Day 529: Grief
About 3 weeks ago I started writing a post called “things I hate about Covid-19” it was going to be a long list of things I was frustrated about much like my Things I Hate About Cancer post. But somewhere after about 10 things I abandoned it. I had started to write it to let off some steam. But it wasn’t really helping, it was just making me more sad.
Then 2 weeks ago I started trying to write about how I was feeling after my nan passed away in the early hours of Monday morning on the 29th March. But I couldn’t.
Was it writer’s block? Not knowing what to say? Was it because I felt like the walls were closing in and I was trapped. Am I depressed? Has cancer, isolation and the stress of everything we’re dealing with finally gotten to me? The truth is it is probably a combination of all of the above and I am suffering with what is commonly known as grief.
But this isn’t just any grief, it is a confused, upside down version of it because whilst I was in my own little grief bubble the world felt like it was in one giant atmospheric sphere of grief too. I wasn’t alone and yet I felt so lonely.
Pretending Everything is OK
I was feeling myself becoming slower and less focused than normal. My mood was up and down I felt irritable and angry. I wanted to cry at the smallest thing and caring less. Sometimes I was caring more. I was feeling withdrawn and unmotivated. At times I felt almost hypo. Then my energy would crash and all I wanted to do was curl up and sleep. I was finding life really really fucking hard. And all I kept telling myself was get a grip, you’re lucky, there are people who are worse off than you.

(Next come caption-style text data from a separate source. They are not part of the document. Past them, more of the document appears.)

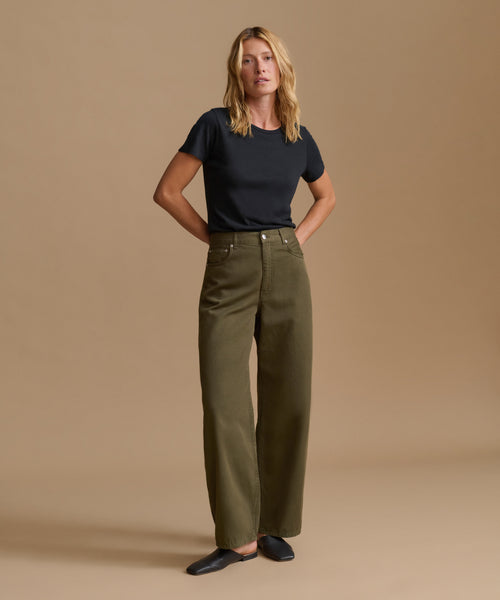 A woman stands against a plain beige studio background wearing olive green wide-leg trousers, a black short-sleeve top, and black flats.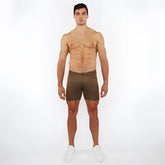 Olive green washed denim stretch knit shorts with textured fabric for comfortable casual wear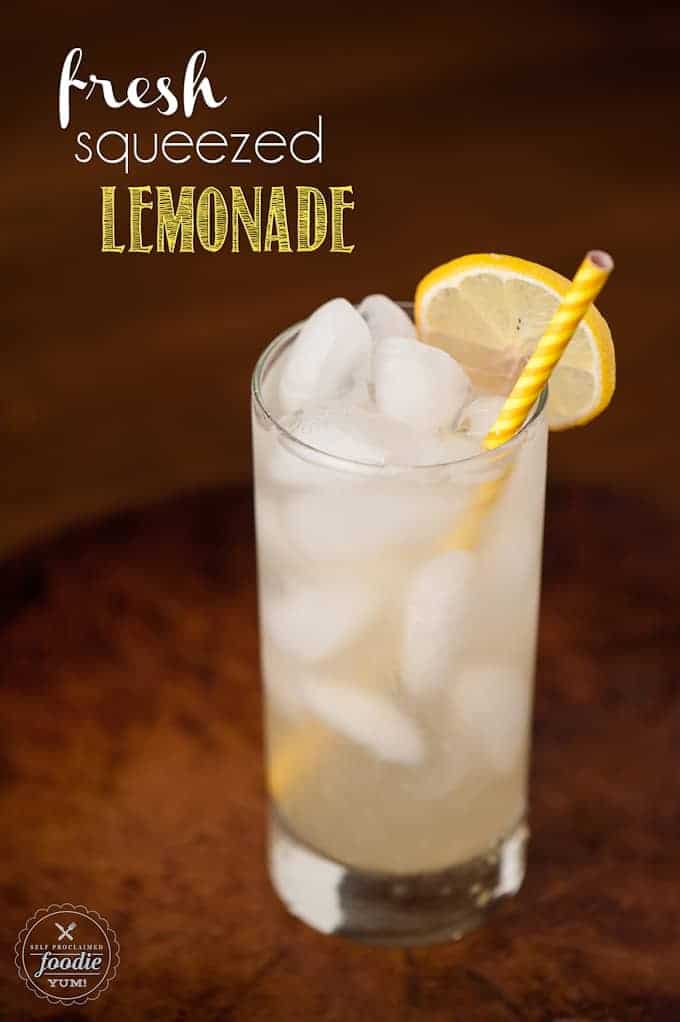 A glass of lemonade with a yellow straw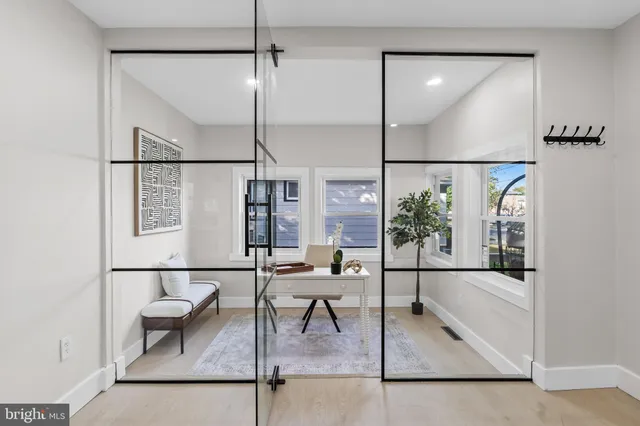 a living room with a glass table and a painting on the wall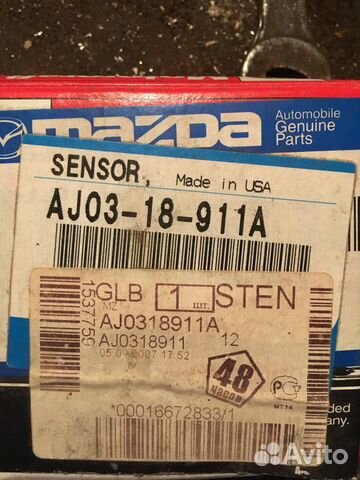 Датчик мазда AJ03-18-911А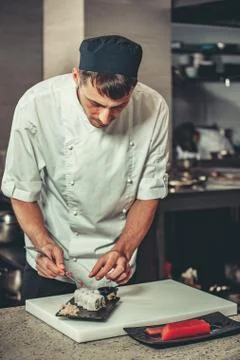 Preparing sushi set in restaurant kitchen Stock Photos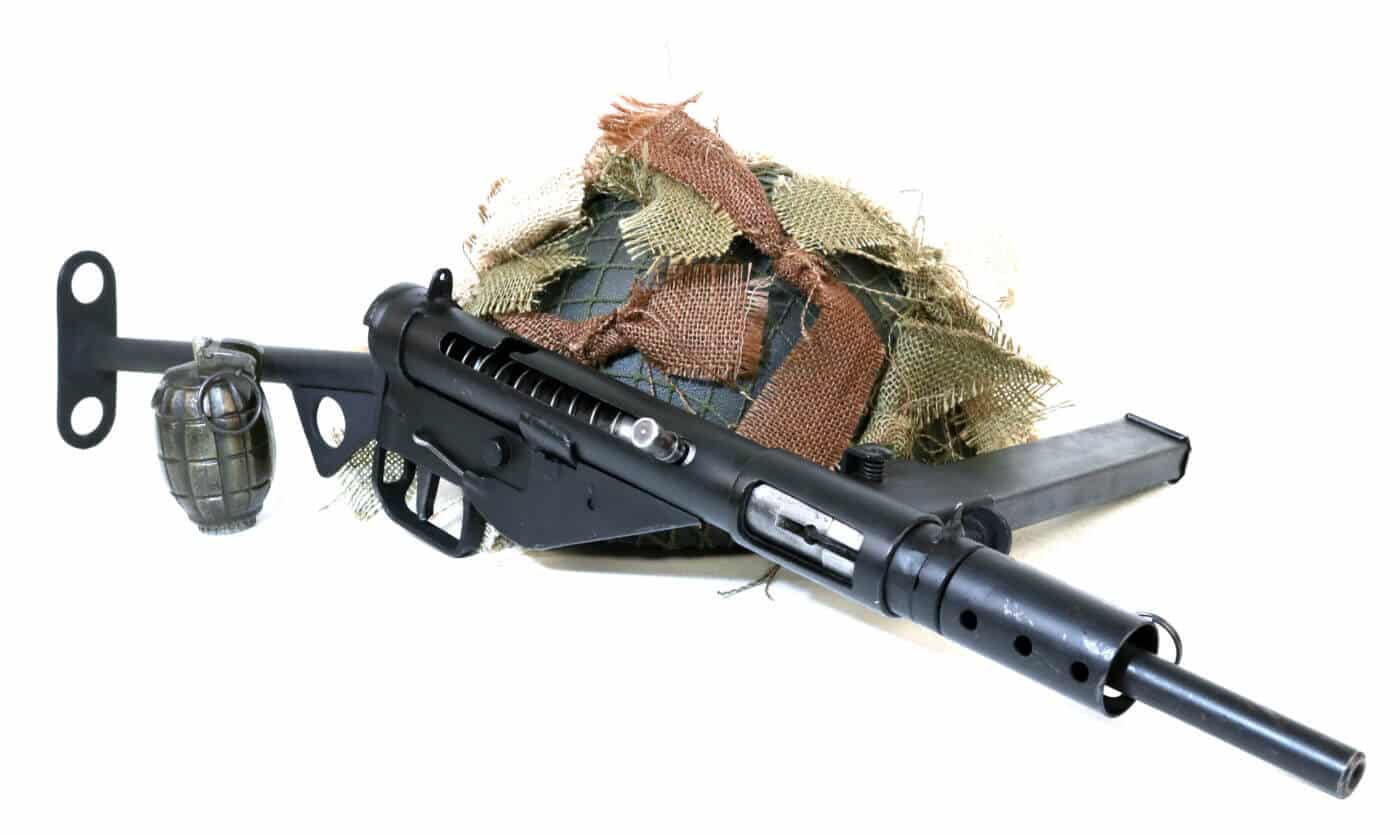 A World War II British Sten submachine gun displaying its crude stamped metal construction, side-mounted magazine, and bare-bones open bolt firing mechanism against a plain background. Open bolt firearms enabled wartime mass production. Closed bolt guns cost significantly more. Sten SMG exemplified open bolt economy. British submachine guns used minimal materials. Open bolt designs reduced manufacturing expenses. WWII weapons prioritized quantity production. Stamped metal construction lowered costs. Open bolt mechanisms simplified assembly processes.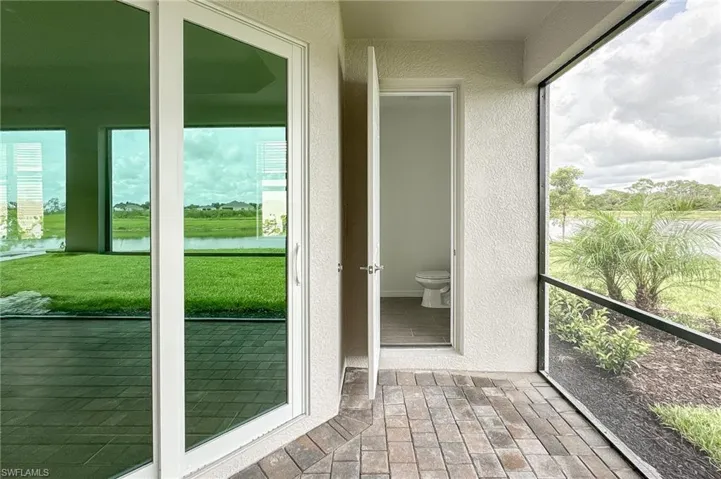 Unfurnished sunroom featuring a water view and healthy amount of natural light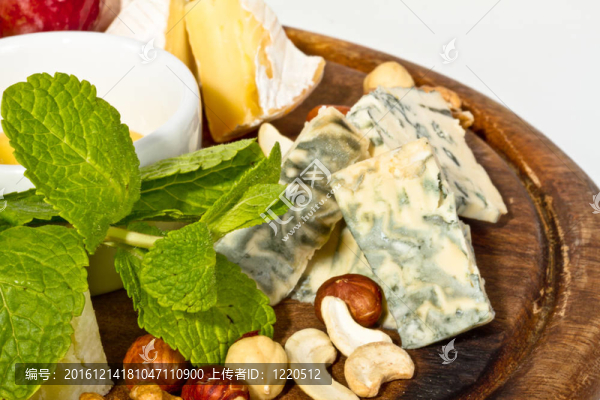 各種帶蜂蜜的奶酪；盤子上的堅果和葡萄；在白色上分離
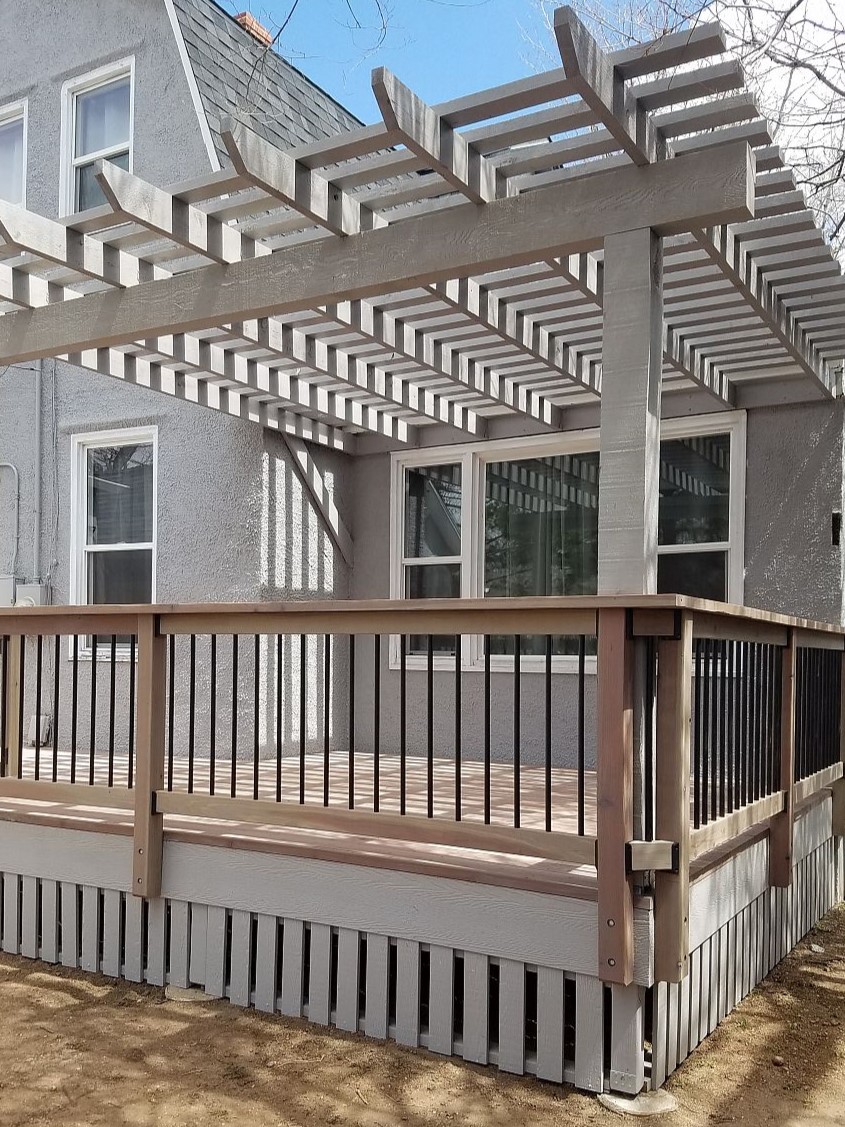 Composite deck with a pergola stained to match the house.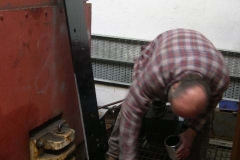 … while adjacent, Charles is painting the rear of the new buffer beams for carriage No. 20 …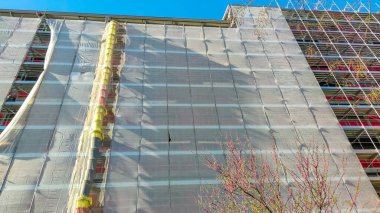 İnşaat sırasında yapı inşaatı için iskele. Ev yenileme çalışmaları için kullanılıyor ve işçiler için bir çalışma platformu sağlıyor. Bu bir yapı iskelesinin ön görüntüsü..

I was using every single ounce of energy to put on a brave face and pretend everything was ok – it wasn’t. I wasn’t allowing myself the space to feel and grieve.
For some reason I felt the need to pretend I was fine ALL THE TIME when I wasn’t. It was exhausting.
It isn’t really surprising I was cracking under the pressure. We haven’t’ had the best start to the year.
2020 So Far
In 2020 so far we’ve had two terrifying visits to hospital with Bilbo, he’s still on antibiotics for another 6 weeks daily. Cancer still rules our lives. We’re having to weigh up the risks for getting treatment at hospital and having Bilbo’s routine appointments. It has been reassuring and terrifying in equal measure.
I’ve changed jobs. Covid-19 has been a constant feature in our lives since early February, first on my radar from a work perspective and then more and more from a personal what does this mean for my family perspective.
My dad travelled to Canada to be with his mum in February, she died two weekends ago. And in the early hours of last Monday morning my mum’s mum died peacefully at hospital here in Milton Keynes.
My nan here in Milton Keynes was only 4.3 miles away but on that Sunday night when we got the call that she didn’t have long to live she might as well have been 4323 miles away. Being stuck at home having to stick with the choice we made to keep Bilbo safe was agonising.
Covid-19 is leaving lots of families in this agonising position – it is utterly heartbreaking and for me it felt like the final straw. I adored my nan, she was an amazing woman. Amazing for being funny, kind and thoughtful and amazing at being a total pain in the ass – which was all part of her magic. She will be missed deeply by us all, especially my boys.
So whilst we’ve been in our isolation bubble we’ve been grieving a lot. And it has been hard. We hurt and we crave the ability to step away from this house and wrap our arms around our friends and family. I miss the ability to be with people more than anything.
We’re working our way through the grief cycle in our own time and in our own way. Being focused on what I am grateful for is helping. I am also trying to focus on what I can control and not getting stressed by what I can’t control – this is NOT easy.
Cancer took away all of our control. And being back in isolation is resurfacing a lot of those feelings. We felt pretty helpless. So many people wanted to help and there wasn’t a lot they could do. However this time we NEED help. We can’t leave the house. We can’t go to the shops when we run out of stuff, or even once a week. I HATE this.
We have had one online delivery, it was a fluke. We haven’t been able to get one since.
I try every day. I’ve registered with the government. We get the at risk letters weekly, they know about us. But Tesco, Asda, Sainsburys – NOTHING. We rely on our friends. A few independent retailers who are delivering. The milkman drops off milk, bread and eggs. We have Hello Fresh for 3 meals a week.
It is not the same. And it is breaking me. I am independent, i’m not used to not being able to fix things, solve for things, organise things. But on this i’m failing.
And so now as I type this I have a long list of items we’ve run out of, I’m keeping a list in the vein hope we get a slot with one of the supermarkets and failing that wondering who we ask to put themselves at risk for us? there are no shortage of people willing to go shopping for us, I just HATE asking. This is about me not being able to do something so basic as get food shopping in for my family and I can’t handle it.
So we’re grieving, we’re grieving for the loss of family members. We’re grieving for strangers who are daily reduced to being a statistic on the news. We’re grieving for our life, as it was and knowing it won’t be the same ever again – for any of us.